Save the elephants. They’re worthy of saving, aren’t they? I don’t think the casual Everyday Jill or Joe has anything against elephants, but their daily lives aren’t consumed by the salvation of wild, wrinkled beasts half a world away. They’re busy trying to get by, keeping their heads down at work while they live paycheck to paycheck – snagging coupons out of the local paper whenever they spot them. They’re raising their children, and doing their best to make those years before puberty (years of teenage, hormone-driven angst) count. Eyeballing the days until their next vacation; wondering when their mother will fly up for another visit. Saving the elephants isn’t high up on their list of priorities. Nobody wants to watch the extinction of an entire species, but what can you really do about it? The average human life is dominated by a singular interest: the self. Not necessarily selfishness, but a center of gravity that revolves around our own selves, our families, our jobs, and our hobbies.

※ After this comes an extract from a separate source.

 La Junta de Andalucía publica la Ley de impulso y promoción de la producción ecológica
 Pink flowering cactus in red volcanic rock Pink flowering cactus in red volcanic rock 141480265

Save the elephants, as a message, doesn’t negate the importance of other endangered species. That young woman driving the Corolla with the bumper sticker doesn’t think tigers are less meaningful creatures than elephants, just like the commercial playing mutely at the doctor’s office isn’t announcing over subtitles that sea turtles should somehow be sacrificed in their stead. There are dozens of species in desperate need of help, and each one is worth our time, our effort, and maybe most importantly, our compassion. The actions of humankind have been the cause of this tremendous ecological collapse, and it falls squarely on our shoulders to do what we can to save these animals.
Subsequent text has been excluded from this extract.